▶ **PROBLEM REQUIREMENTS**: Your copy should begin with the line containing "Cereal bowl balls", end with the line containing "Rowina Font Poster 4", match the listing below exactly, and contain no pictures.

▶ **INPUT DATA**:
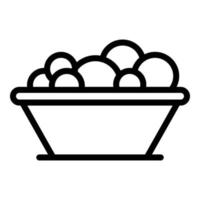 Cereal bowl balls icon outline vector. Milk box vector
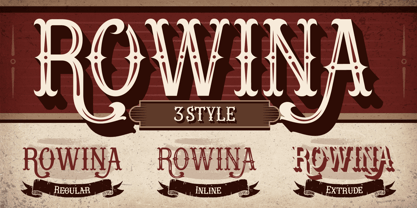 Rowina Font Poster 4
---
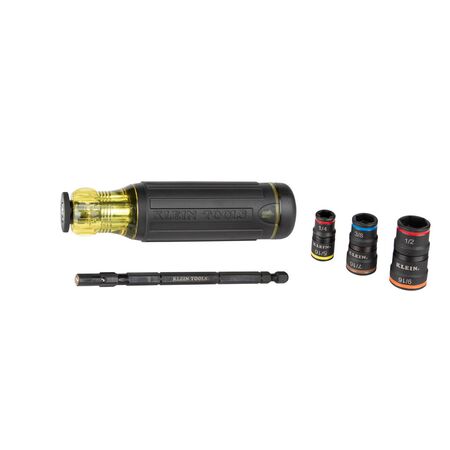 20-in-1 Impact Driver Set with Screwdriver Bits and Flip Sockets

▶ **SOLUTION BELOW**:
 Cereal bowl balls icon outline vector. Milk box vector
 Rowina Font Poster 4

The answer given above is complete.